En conséquence, les amendements AC13 et AC12 tombent.

Article 3 : Formation des membres du personnel des établissements scolaires aux adaptations pédagogiques aux besoins de l’élève

Amendement AC36 de M. Jean Bodart

M. Jean Bodart (LIOT). L’article 3 ouvre aux enseignants volontaires la possibilité de suivre la formation prévue pour les accompagnants d’élèves en situation de handicap.

S’il vise un objectif essentiel – le renforcement de la formation des enseignants –, son application pourrait être source de confusion entre les missions de l’enseignant et celles de l’AESH, d’autant plus qu’une réforme de la formation initiale des enseignants est en cours et qu’un travail sur les missions des AESH a été demandé.

Tous les personnels éducatifs sont censés bénéficier d’une formation initiale et continue mais l’on constate que celle-ci est rarement effectuée ou complète. La priorité doit être l’application de ce que la loi prévoit déjà.

Il pourrait en revanche être proposé d’instaurer des modules de formations intermétiers, destinés notamment aux AESH et aux enseignants, comme le recommandait la Cour des comptes dans son rapport relatif à l’inclusion scolaire des élèves en situation de handicap.

Mme Julie Delpech, rapporteure. Je suis comme vous favorable à des formations qui fassent dialoguer les différents métiers de l’éducation nationale, notamment pour garantir une meilleure complémentarité. C’est d’ailleurs dans cette perspective que la proposition de loi initiale prévoyait que les enseignants puissent bénéficier de la formation des AESH.

L’examen à l’Assemblée avait permis d’aboutir à la mention dans le texte de formations « pluricatégorielles et interministérielles ». Le Sénat a néanmoins supprimé cet article en commission, mettant en avant le caractère réglementaire de ces mesures.

De fait, pour qu’une telle formation soit réellement créée, une circulaire du ministre de l’éducation nationale serait probablement plus efficace que l’ajout d’un alinéa dans la loi.

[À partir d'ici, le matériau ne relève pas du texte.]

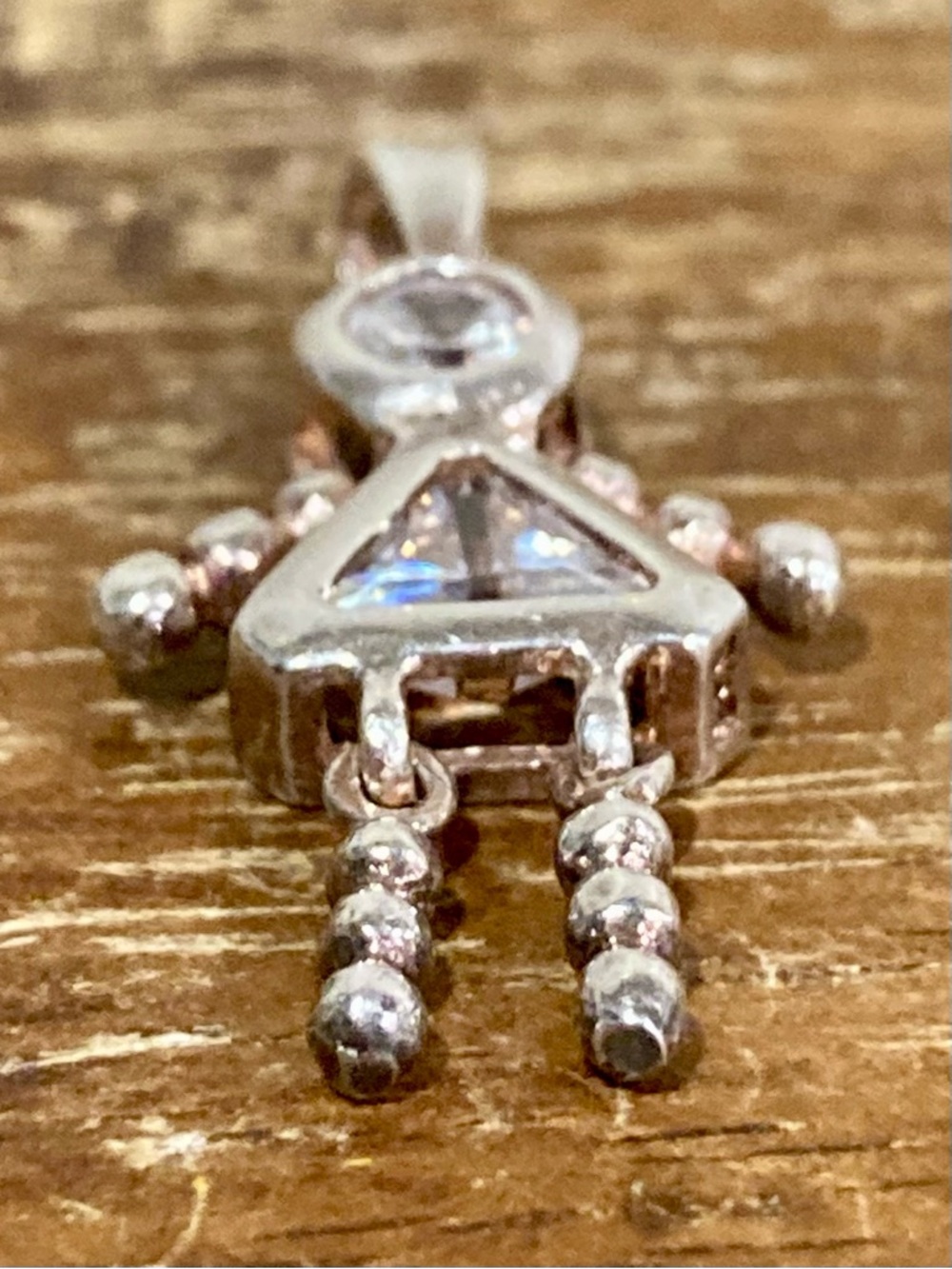 Silver Tone Woman / Mom Pendant with Clear Stones - Picture 4 of 10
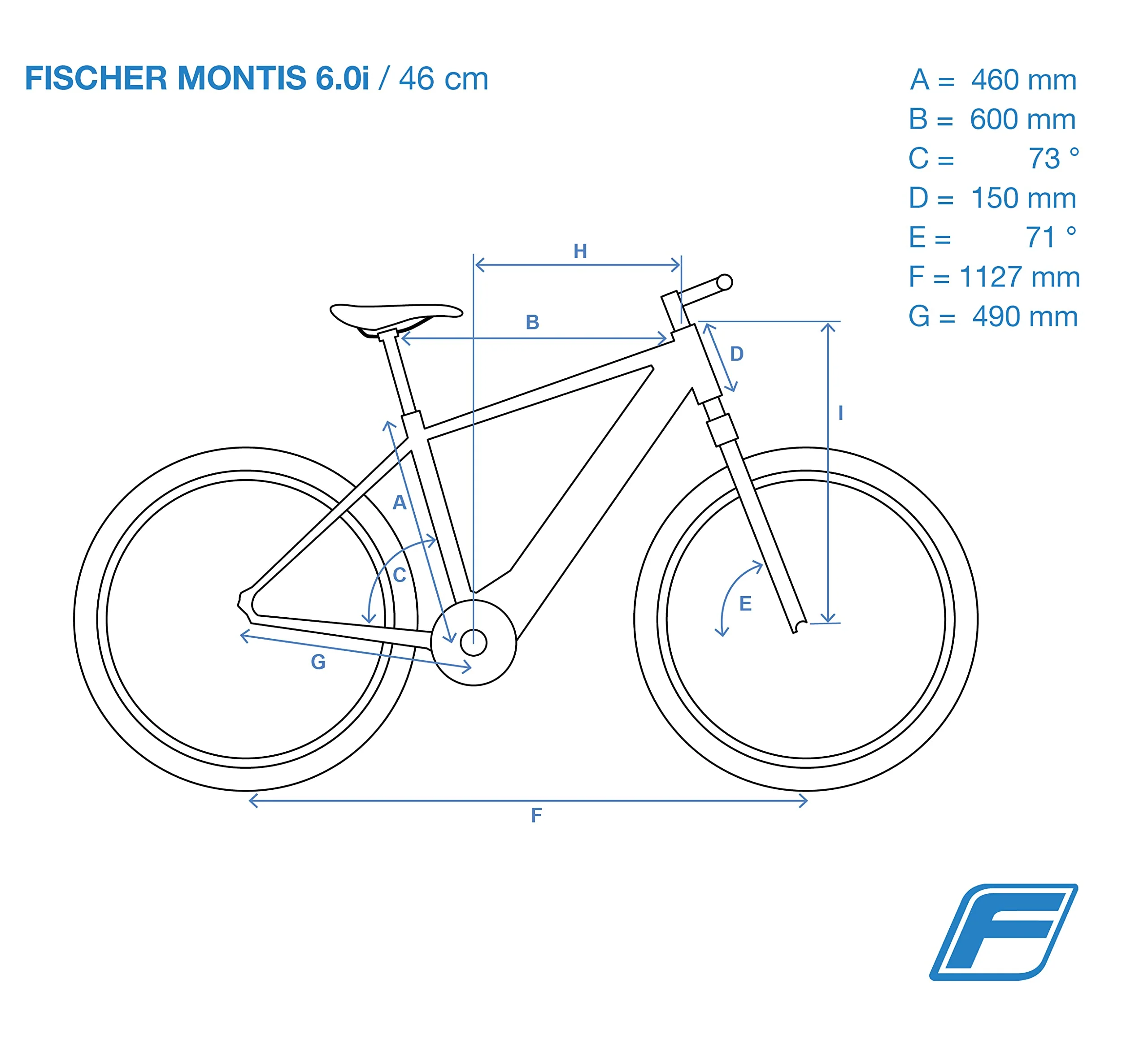 FISCHER E-Bike | MTB Mountainbike MONTIS 6.0i Elektrofahrrad für Damen und Herren | RH 46 cm Mittelmotor 90 Nm | 36 V Akku im Rahmen, Blau Matt, 46cm-504Wh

J’ajoute que la rédaction pourrait être améliorée, d’autant plus que le Sénat sera attentif à la réintroduction de dispositions qu’il a supprimées. Or je peux difficilement faire abstraction de sa position, en vue de l’obtention d’un vote conforme.

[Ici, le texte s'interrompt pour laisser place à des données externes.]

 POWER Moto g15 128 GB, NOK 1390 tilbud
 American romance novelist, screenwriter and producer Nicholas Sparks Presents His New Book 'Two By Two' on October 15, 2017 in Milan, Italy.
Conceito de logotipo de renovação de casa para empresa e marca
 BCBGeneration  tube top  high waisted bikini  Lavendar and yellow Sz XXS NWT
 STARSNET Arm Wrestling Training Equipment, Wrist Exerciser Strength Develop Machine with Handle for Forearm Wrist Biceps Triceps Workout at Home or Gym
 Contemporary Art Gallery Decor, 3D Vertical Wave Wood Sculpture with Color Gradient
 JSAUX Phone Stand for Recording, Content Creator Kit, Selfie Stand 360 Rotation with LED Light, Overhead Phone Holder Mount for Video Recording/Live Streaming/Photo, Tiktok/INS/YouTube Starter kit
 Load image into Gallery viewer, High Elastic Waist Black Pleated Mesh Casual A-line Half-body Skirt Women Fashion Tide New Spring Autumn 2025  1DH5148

Je vous propose donc de retirer cet amendement et de travailler ensemble sur sa rédaction afin de le redéposer en séance.

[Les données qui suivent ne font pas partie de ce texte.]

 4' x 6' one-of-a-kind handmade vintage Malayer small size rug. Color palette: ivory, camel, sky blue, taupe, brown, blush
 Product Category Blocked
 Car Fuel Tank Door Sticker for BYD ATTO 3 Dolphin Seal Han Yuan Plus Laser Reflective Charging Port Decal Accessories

M. Jean Bodart (LIOT). L’essentiel est d’être efficace !

L’amendement AC36 est retiré.

Mme Murielle Lepvraud (LFI-NFP). Les missions des enseignants ne sont pas les mêmes que celles des AESH. On peut certes envisager des modules complémentaires communs mais il faut surtout renforcer la formation des AESH. Soixante heures, c’est très insuffisant, notamment au regard du nombre de handicaps qu’une AESH peut rencontrer au cours de sa carrière. Les AESH elles-mêmes expliquent qu’elles ont besoin d’être davantage formées. Actuellement, elles doivent se débrouiller seules et chercher des formations sur internet, ce qui n’est absolument pas satisfaisant.

La commission adopte l’article 3 non modifié.

Article 3 bis A : Compléter la formation des enseignants par un stage pratique au sein d’une classe accueillant des élèves en situation de handicap

La commission maintient la suppression de l’article 3 bis A.

Article 3 bis B : Remplacement des pôles inclusifs d’accompagnement localisés (Pial) par des pôles d’appui à la scolarité (PAS)

Amendements de suppression AC7 de Mme Soumya Bourouaha, AC14 de Mme Murielle Lepvraud, AC32 de M. Arnaud Bonnet, AC37 de M. Jean Bodart, AC50 de M. Thierry Tesson et AC63 de Mme Florence Herouin-Léautey

Mme Soumya Bourouaha (GDR). Si nous sommes opposés aux PAS, ce n’est pas par principe mais parce que des problèmes, de méthode comme de fond, se posent.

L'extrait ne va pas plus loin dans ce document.